This is an illustration of a lizard on a rock. There are arrows pointing away from the lizard which read ‘convection’, ‘thermal radiation to sky’, ‘evaporation’ and ‘conduction’. There are also arrows pointing towards the lizard which read ‘direct solar radiation’ and ‘thermal radiation’. There is also a label which reads ‘thermal radiation from atmosphere’. This illustration of a lizard on a rock has arrows pointing away from the lizard which read ‘convection’, ‘thermal radiation to sky’, ‘evaporation’ and ‘conduction’. Arrows pointing towards the lizard read ‘direct solar radiation’ and ‘thermal radiation’.
What are the sources of energy gain and routes of heat loss for the lizard?
The lizard gains heat energy via thermal radiation from the Sun, the atmosphere and the ground. Heat energy is lost via conduction from the body to the ground, by evaporative water loss, convection and thermal radiation to the sky. On a hot sunny day, more heat is gained than lost, and it is important for a desert reptile to avoid overheating. It is equally important to reduce loss of body heat when Ta plummets at night or during the winter.

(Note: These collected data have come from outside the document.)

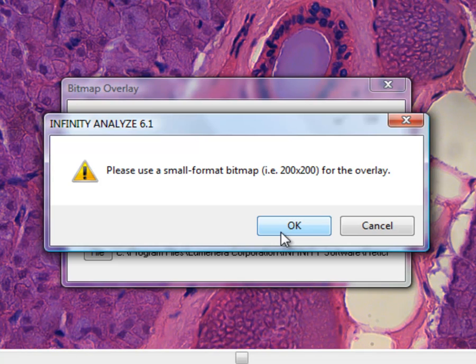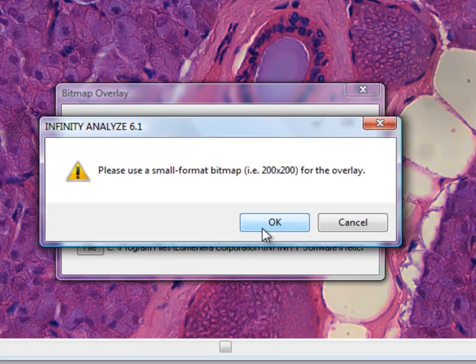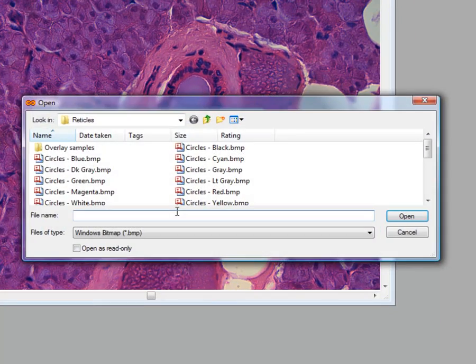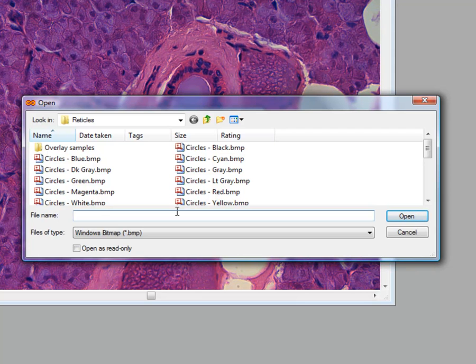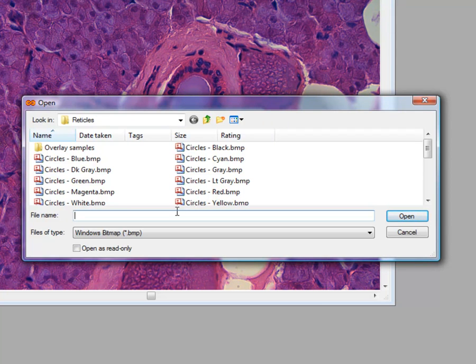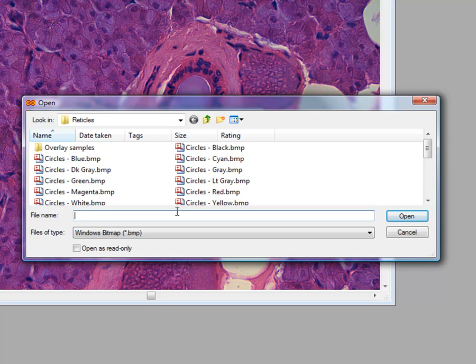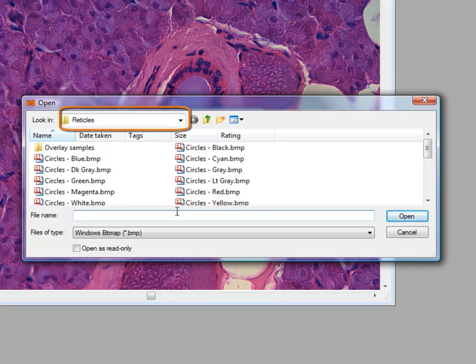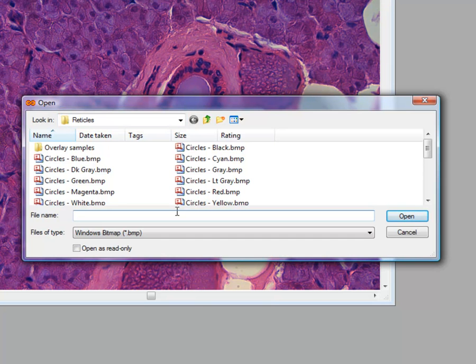Most newer computers can cope with a bitmap that is larger than the recommended dimensions, up to the resolution of the sensor for many camera models. A standard Microsoft file access window appears to navigate to a location where bitmap files are located. These can be located in any convenient location, but Luminera includes several sample bitmaps in a folder called Reticles, found where the Infinity software is installed on your computer.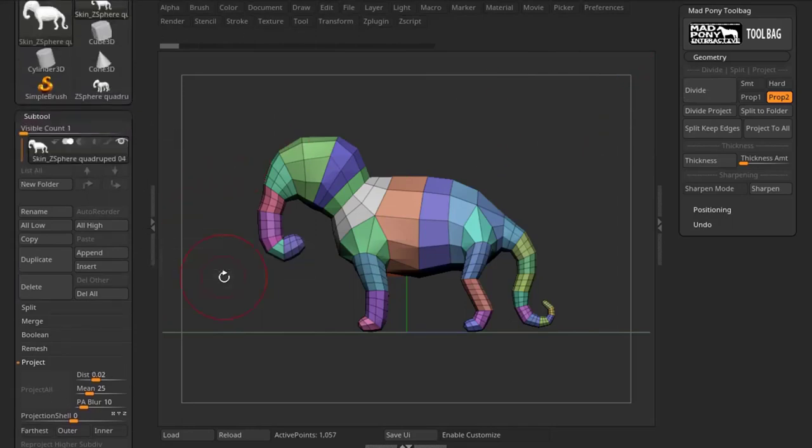This is a way you can create good, clear projections when you're projecting a high-poly model onto a low-poly model. And if you watch my video on that macro, Project Higher, I'll show you a technique where you can use it.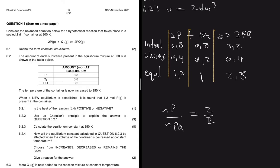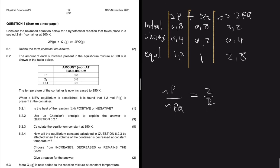Why is Q a plus and PQ a minus? Because the reverse reaction is being favored: reactants are increasing, so we add to find their equilibrium moles. Products are being depleted as the reverse reaction forms reactants, so we subtract. That's why it's minus 0.4 for PQ, giving us 2.8 moles.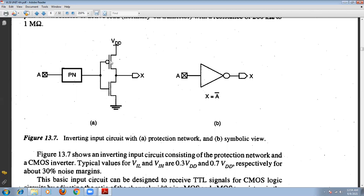Instead of using a transmission gate, we can also use this type of circuit with a CMOS inverter connected to the protection network at the input pad. The typical value of VIL (input low) is 0.3 times VDD, and the maximum value VIH (input high) is 0.7 times VDD. For example, if VDD equals 5 volts, then VIL is 1.5 volts and VIH is 3.5 volts, giving approximately 30 percent noise margin.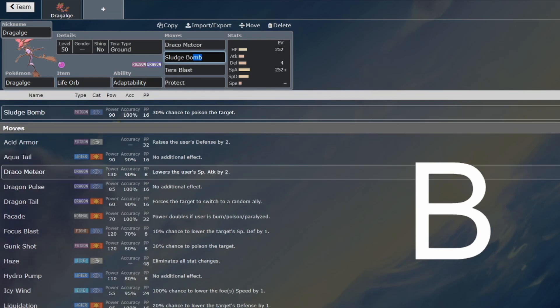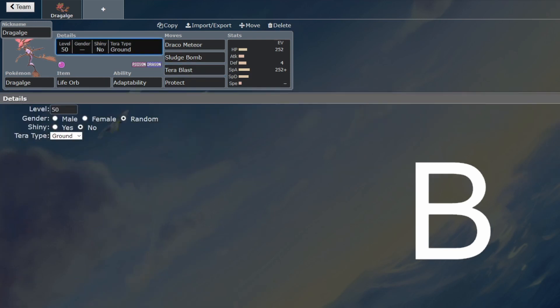The STAB Sludge Bomb is going to be very nice for all the Sylveons and Fairies that are going to be running around, so that's pretty nice as well. And the Tera Blast Ground is probably the best coverage you can give to Dragalge, because adaptability with Terastallization is a little bit awkward.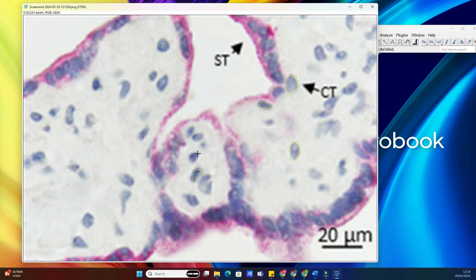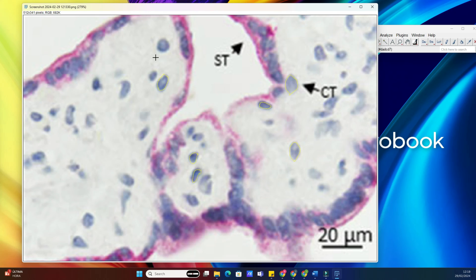Now here's where the magic happens. Hold down the Shift key on your keyboard and draw another polygon around the next cell. Notice how each polygon we draw is added to our selection. We can continue this process for as many nuclei as we need. And there you have it — we've successfully selected multiple regions of interest in just a few clicks.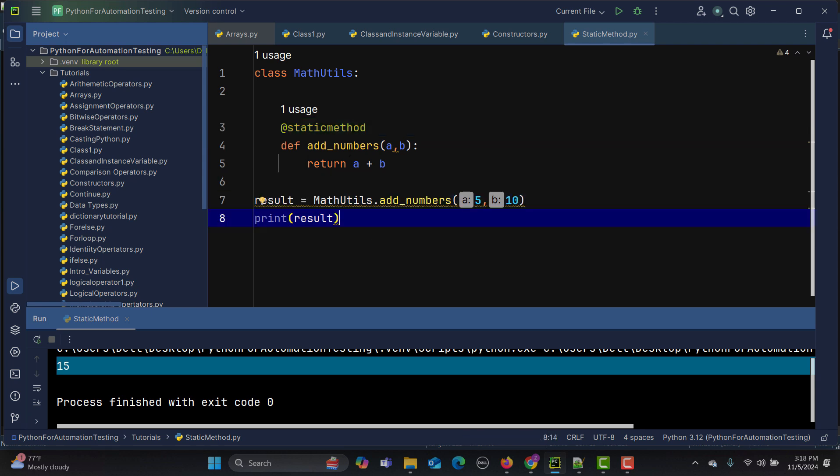Static methods are useful for methods that don't need to modify or access instance data. If you have this kind of situation, always go with static methods. They also help group related functions within a class without needing any instances.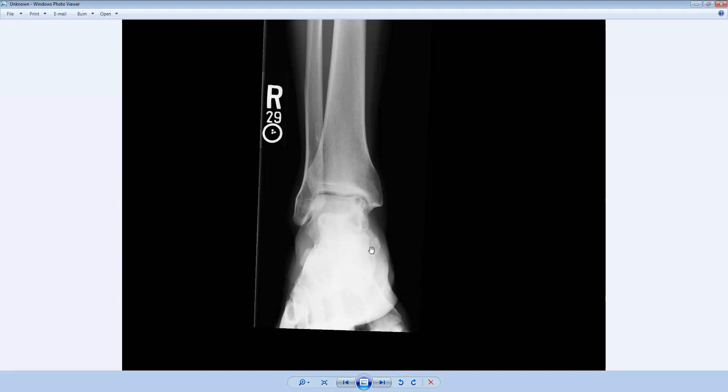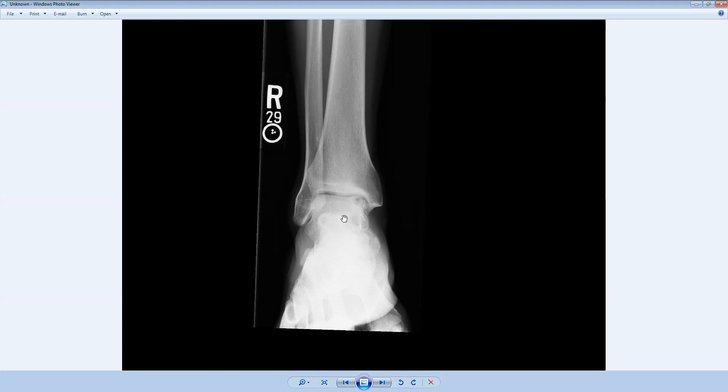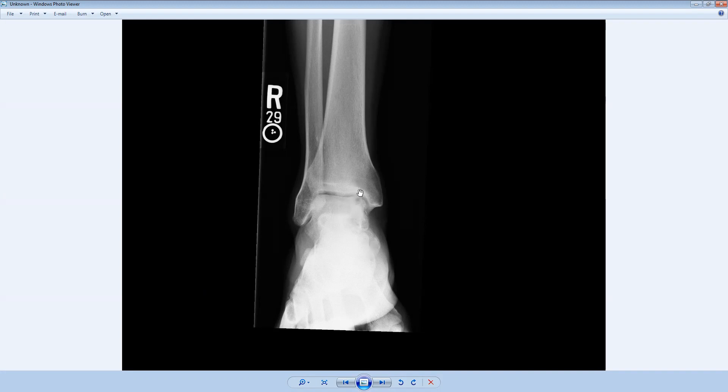Other findings that suggest this may not be osteoarthritis are the fact that usually in a joint pathologic process, we see findings on both sides of the joint. But we don't really see any subchondral cysts or any areas of degenerative joint disease on the tibial aspect of this joint, making degenerative joint disease much less likely in this case.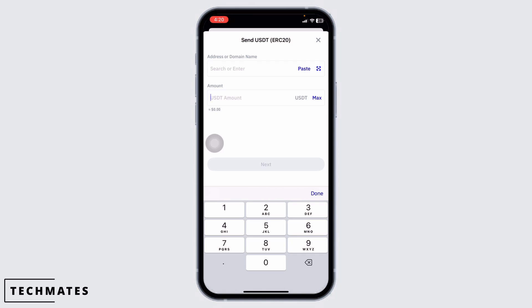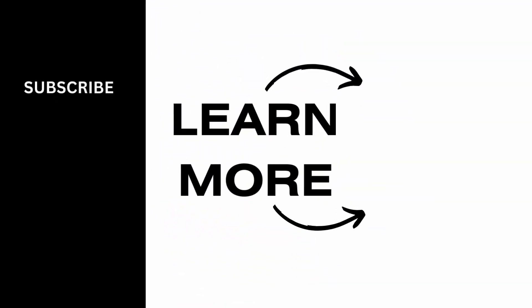And that's it. You have successfully withdrawn USDT ERC20 from your Trust Wallet. If you found this video helpful, don't forget to like, share, and subscribe to our channel. Thanks for watching.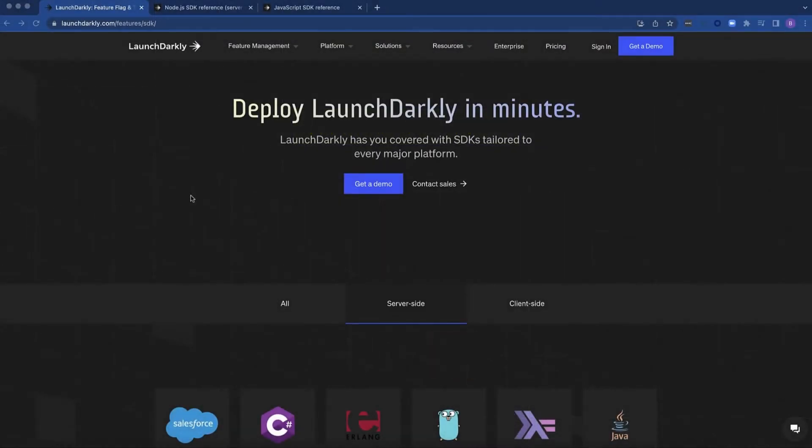Hi, my name is Brian Minaldi and I'm with LaunchDarkly and today I want to explore using LaunchDarkly within a JavaScript application.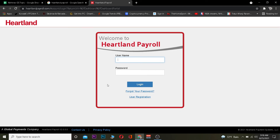So yeah, those are the ways you can log in to Heartland Payroll, sign up into Heartland Payroll, and recover your account's password as well. I hope you guys were able to understand the video. If you did, be sure to hit that like and subscribe to our YouTube channel with notifications on so you can get notified for future videos.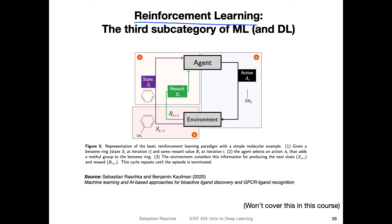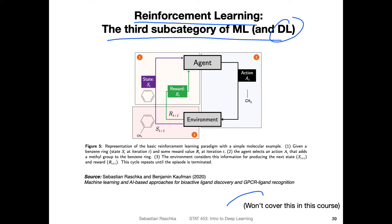Reinforcement learning is the third subcategory of machine learning, and you can also use deep learning for reinforcement learning. Don't worry about it too much, because this is another topic we won't cover in this course. Reinforcement learning is really a long and big topic by itself, and you can have a separate whole course and multiple textbooks on that topic.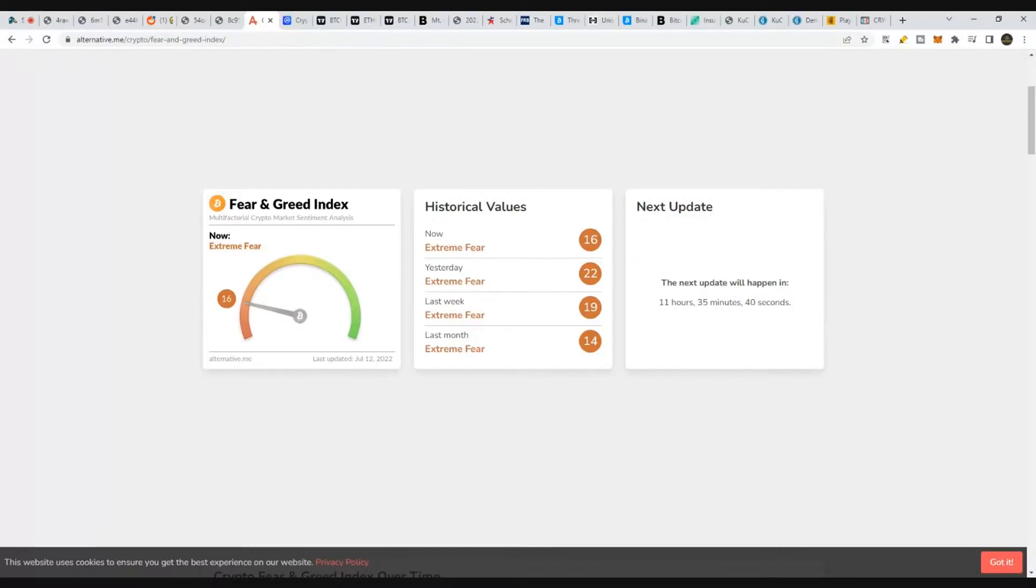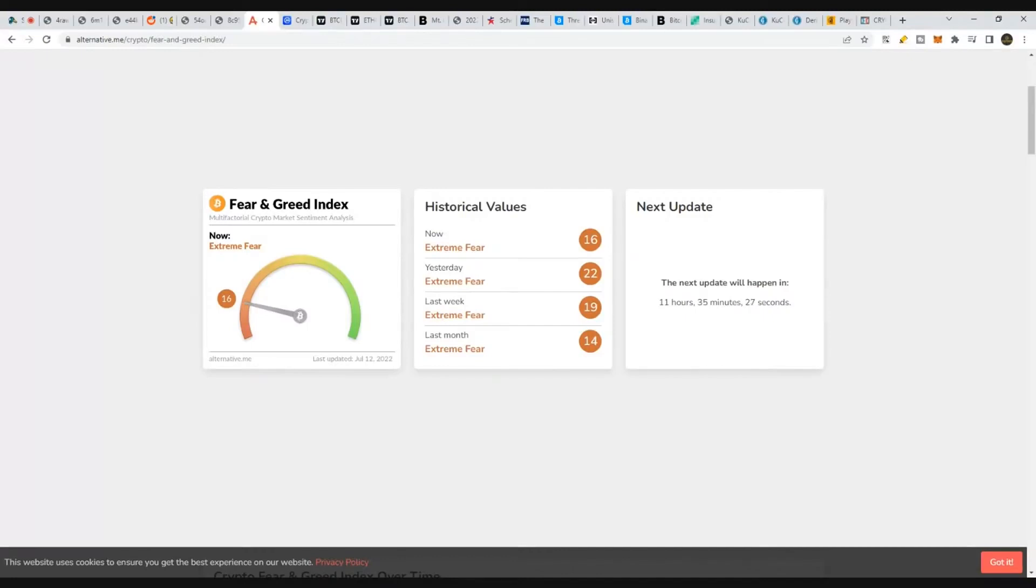But for the people who have not done proper risk management, have not been paying attention to the market, come back once a month, once a quarter to see what's going on. And they look at their portfolio and they scream, this is the representation of their current emotional state.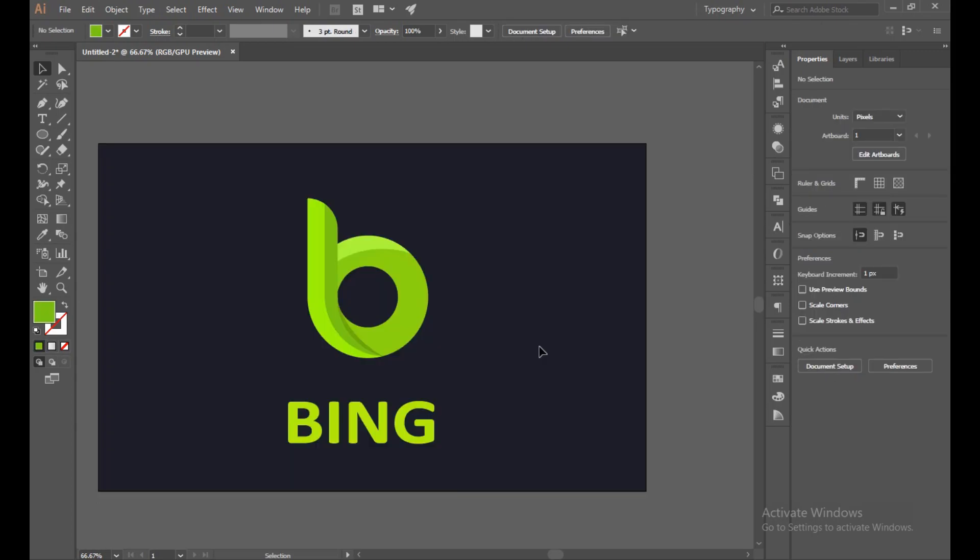So guys, this is our logo final result. If you like this type of simple logo, please like, share, and subscribe to my channel and turn on the bell icon so whenever I upload my new video you can watch as soon as possible. Thank you.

During the day, reptiles may move between warm and cool areas in order to maintain Tb. This movement between warm and cool areas for maintaining body temperature is called shuttling. Those species that maintain high stable Tb when environmental conditions allow by adopting heliothermic (sunbasking) strategies, are called thermal specialists. In contrast, there are some species, known as thermal generalists, which allow their Tb to fluctuate and decline, even when they could shuttle between sun and shade to maintain high stable Tb during the day, or use their burrow at night to prevent cooling of Tb to the outside Ta. Bedriagai’s skink (Chalcides bedriagai) is a thermal generalist, preferring to spend a lot of time hiding under rocks rather than basking in the Sun.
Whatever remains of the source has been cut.